New Order: Building From Scratch

When a band has been around as long as New Order has—35 years—the tendency is to take the collective foot completely off the gas pedal and just idle. It’s a time for another repackaging of the greatest hits. Maybe a reissue campaign of the classic albums with just a few added features to get people to buy them for a third time. And if they’re lucky, a nice lucrative concert tour that satisfies the punters with all the hits and a few deep cuts for the obsessive fans.

To a point, New Order has played that game. They’ve released five compilations of their best known material over the years, as well as a career-spanning box set. Their first five LPs have all been remastered and re-released with additional discs of bonus material. And since 2011, the group has been touring on and off, not in support of any album.

But during the shows that the band played last year, they started to sneak new material into the set. These weren’t throwaway songs either. Both tracks—the Giorgio Moroder-inspired “Plastic,” and “Singularity,” a sequencer heavy anthem that further explores the spirit of the band in its earliest post-Joy Division incarnation—hit that tantalizing sweet spot that any band hopes to hit, sounding both classic and modern at the same time. Apparently, they had no intention of becoming simply a nostalgia act.

Those songs proved to be just the beginning for a revitalized New Order. This week, they release their ninth studio album, Music Complete, a collection that is just as potent and engaging and inspired as you would ever want from the band. Shades of the old days abound with “Restless” and “Academic” hearkening back to their pure pop moments of the late ‘80s/early ‘90s, and the various strains of the dance music (disco, electro and early breakbeats) that inspired their best-known singles wended in throughout.

As recognizable as some elements of Music Complete are, the album still feels fresh and current. Some of that is thanks to the band allowing in some outside input. Two of the best tracks on the LP were produced by Tom Rowlands of the Chemical Brothers, and scattered throughout are vocal performances by Brandon Flowers of The Killers and La Roux vocalist Elly Jackson.

“Brandon is good friends with Bernard [Sumner, New Order’s front man],” says drummer Stephen Morris of the album’s guests. “Whenever we’re around each other, he’ll come and sing during our set, or Bernard will go and play guitar during a Killers show. As for Elly, we did some gigs with La Roux and we felt like she’s got a voice that, on record, doesn’t really come across as good as it is live.”

Even more important than that were the contributions of the newest additions of New Order’s lineup, Tom Chapman and Phil Cunningham. Each was brought on initially to fill a gap left by a departed member. Cunningham took over for keyboardist Gillian Gilbert when she took leave to be with family, and Chapman came on board after bassist Peter Hook quit the band acrimoniously in the early ‘00s. (Both men are also members of Bad Lieutenant, the side project of Sumner and Morris.)

Jumping into the mix was especially daunting for Cunningham. Hook’s high-pitched basslines were a signature element to New Order’s sound, right from the group’s very first single, “Ceremony.”

“My approach was trying to do justice to the song,” Chapman says. “I didn’t focus on the basslines. I focused on what felt right for the songs. It was really important to me to have some form of ownership with the songs.”

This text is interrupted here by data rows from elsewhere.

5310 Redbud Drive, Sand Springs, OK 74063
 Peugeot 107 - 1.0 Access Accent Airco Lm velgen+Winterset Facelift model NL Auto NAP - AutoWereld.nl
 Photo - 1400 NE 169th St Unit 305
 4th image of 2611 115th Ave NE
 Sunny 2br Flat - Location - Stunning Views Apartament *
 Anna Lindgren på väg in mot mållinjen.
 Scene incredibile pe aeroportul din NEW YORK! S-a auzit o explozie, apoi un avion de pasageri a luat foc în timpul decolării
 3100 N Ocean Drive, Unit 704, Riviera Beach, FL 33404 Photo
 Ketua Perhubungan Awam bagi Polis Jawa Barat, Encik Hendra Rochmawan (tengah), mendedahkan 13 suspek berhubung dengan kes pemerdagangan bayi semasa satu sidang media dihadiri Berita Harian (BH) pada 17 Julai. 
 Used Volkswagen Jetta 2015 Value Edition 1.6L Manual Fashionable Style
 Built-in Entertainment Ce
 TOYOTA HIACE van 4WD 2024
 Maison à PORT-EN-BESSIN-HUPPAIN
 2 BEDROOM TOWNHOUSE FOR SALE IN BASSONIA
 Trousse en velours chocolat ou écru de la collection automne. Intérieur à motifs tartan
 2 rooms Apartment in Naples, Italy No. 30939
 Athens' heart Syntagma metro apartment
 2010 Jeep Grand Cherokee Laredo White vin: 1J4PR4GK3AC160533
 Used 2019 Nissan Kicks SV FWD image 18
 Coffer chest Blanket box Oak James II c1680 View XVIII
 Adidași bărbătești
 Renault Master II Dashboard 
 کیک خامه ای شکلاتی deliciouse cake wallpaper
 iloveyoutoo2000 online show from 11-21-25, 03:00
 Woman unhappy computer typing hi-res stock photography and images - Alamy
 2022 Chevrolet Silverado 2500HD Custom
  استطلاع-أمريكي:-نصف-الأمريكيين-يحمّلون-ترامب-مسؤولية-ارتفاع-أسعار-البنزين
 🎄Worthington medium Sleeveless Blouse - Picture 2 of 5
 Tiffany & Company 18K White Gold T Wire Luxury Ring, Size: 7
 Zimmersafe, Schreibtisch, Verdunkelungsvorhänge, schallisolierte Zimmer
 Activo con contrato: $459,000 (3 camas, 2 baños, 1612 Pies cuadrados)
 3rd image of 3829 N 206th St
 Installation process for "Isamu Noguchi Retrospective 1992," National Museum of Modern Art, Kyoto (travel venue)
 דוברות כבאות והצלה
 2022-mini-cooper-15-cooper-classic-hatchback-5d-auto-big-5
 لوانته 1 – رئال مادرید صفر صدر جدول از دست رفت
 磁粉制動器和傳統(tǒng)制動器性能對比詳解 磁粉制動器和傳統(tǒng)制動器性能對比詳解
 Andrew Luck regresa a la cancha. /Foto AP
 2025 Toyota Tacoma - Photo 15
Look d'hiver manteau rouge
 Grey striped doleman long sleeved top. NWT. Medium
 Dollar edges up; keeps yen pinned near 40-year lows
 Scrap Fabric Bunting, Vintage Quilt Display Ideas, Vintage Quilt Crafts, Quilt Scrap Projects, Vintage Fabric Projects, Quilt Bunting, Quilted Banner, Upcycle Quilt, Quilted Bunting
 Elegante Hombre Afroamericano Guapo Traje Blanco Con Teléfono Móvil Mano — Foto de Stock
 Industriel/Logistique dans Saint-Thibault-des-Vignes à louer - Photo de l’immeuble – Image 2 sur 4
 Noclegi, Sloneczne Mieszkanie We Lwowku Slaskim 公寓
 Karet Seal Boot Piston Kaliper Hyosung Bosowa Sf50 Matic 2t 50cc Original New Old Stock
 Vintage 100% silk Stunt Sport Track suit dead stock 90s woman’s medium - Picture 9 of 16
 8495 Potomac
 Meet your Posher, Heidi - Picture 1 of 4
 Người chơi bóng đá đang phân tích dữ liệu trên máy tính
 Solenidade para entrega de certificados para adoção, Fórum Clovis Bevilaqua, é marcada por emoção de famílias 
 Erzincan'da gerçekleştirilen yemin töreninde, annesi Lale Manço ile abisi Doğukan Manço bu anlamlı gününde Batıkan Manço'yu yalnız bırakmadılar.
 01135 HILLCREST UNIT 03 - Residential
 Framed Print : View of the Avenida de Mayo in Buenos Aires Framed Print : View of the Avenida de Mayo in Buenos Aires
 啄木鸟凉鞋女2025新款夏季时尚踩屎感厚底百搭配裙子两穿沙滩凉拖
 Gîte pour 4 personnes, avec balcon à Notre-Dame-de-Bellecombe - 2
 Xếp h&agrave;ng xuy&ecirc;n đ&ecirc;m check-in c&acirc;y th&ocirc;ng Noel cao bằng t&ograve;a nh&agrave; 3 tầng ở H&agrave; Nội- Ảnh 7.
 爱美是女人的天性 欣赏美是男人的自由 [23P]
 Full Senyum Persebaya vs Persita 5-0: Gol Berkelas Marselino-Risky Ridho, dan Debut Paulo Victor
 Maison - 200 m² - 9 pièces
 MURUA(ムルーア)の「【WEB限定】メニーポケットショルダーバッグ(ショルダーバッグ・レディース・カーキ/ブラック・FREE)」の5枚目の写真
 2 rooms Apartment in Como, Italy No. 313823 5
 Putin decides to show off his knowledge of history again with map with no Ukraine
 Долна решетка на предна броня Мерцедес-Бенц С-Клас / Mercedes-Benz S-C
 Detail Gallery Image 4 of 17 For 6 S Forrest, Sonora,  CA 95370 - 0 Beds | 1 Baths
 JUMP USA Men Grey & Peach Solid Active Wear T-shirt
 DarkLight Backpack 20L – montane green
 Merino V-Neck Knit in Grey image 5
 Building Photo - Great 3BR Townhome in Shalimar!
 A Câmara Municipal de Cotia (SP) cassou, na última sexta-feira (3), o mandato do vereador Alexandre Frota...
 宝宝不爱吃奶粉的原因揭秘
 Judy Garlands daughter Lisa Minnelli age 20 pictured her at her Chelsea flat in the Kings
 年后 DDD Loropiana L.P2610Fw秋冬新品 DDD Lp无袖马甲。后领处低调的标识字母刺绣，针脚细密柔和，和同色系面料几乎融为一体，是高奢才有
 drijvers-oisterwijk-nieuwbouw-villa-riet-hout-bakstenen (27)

A pretty gutsy move, but one that has served the 43-year-old musician well. Especially when he and Cunningham went about trying to write material for Music Complete. Any other newbies might have taken a backseat to the folks that have been in the band longest, but those two, working separately from Sumner, Gilbert and Morris, helped concoct two of the album’s best songs: “Academic” and the slinky disco pop number “On The High Line.”

This practice of having the members of the group writing separately from the rest is another aspect of Music Complete’s creation that was completely unheard of for New Order.

“In the past, we’d all be in the room at the same time, and we’d just play and play and play all day,” Morris says. “Then we’d listen to it and find maybe two seconds that were kind of alright and jam on those. This time, me and Gillian would get some ideas, and Phil and Tom had some ideas. So we’d be starting off with a bit of a verse or a chorus and then let the others work on it. We were all working on each other’s ideas all the time.”

For such a scattershot writing method, it’s a wonder that Music Complete came out sounding so, well, complete. It’s even more impressive considering the band attempted to write and record much of it while they were on the road. When they finally saw the madness in that method, they put a halt to live performing and concentrated on the album.

“It involved a lot of putting songs under a microscope and making them sound like New Order,” Chapman says. “It was very time consuming. Something like one month per song on average. It felt almost like we were building a car from scratch.”

What they wound up with, though, is a sleek, aerodynamic and sexy vehicle—a brand-new model for a brand-new generation of music fans, and something their longtime fans will be dazzled by. After three decades of influencing the sound and direction of electronic-based pop, New Order are still very much a part of the present and future of modern music.